■ **PROMPT**
Write out the data below exactly as given, without any of its pictures.

=== DATA SHOWN ===

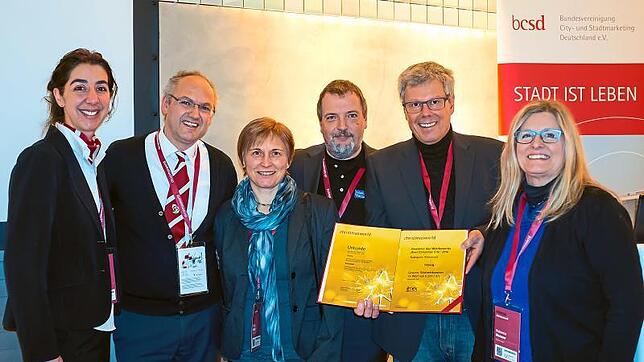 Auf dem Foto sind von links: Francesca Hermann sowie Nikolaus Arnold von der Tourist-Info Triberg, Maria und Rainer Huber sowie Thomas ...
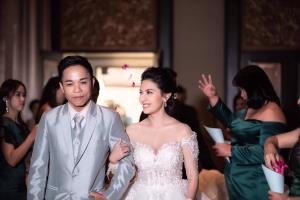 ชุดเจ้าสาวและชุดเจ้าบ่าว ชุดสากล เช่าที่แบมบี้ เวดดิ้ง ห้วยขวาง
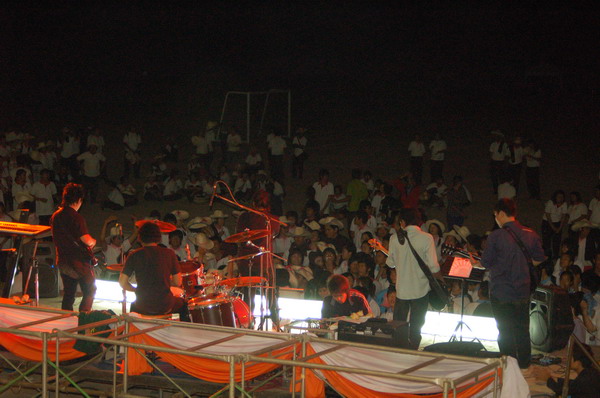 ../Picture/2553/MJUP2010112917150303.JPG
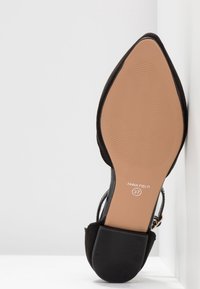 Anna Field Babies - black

===

■ **EXERCISE OUTPUT**
 Auf dem Foto sind von links: Francesca Hermann sowie Nikolaus Arnold von der Tourist-Info Triberg, Maria und Rainer Huber sowie Thomas ...
 ชุดเจ้าสาวและชุดเจ้าบ่าว ชุดสากล เช่าที่แบมบี้ เวดดิ้ง ห้วยขวาง
 ../Picture/2553/MJUP2010112917150303.JPG
 Anna Field Babies - black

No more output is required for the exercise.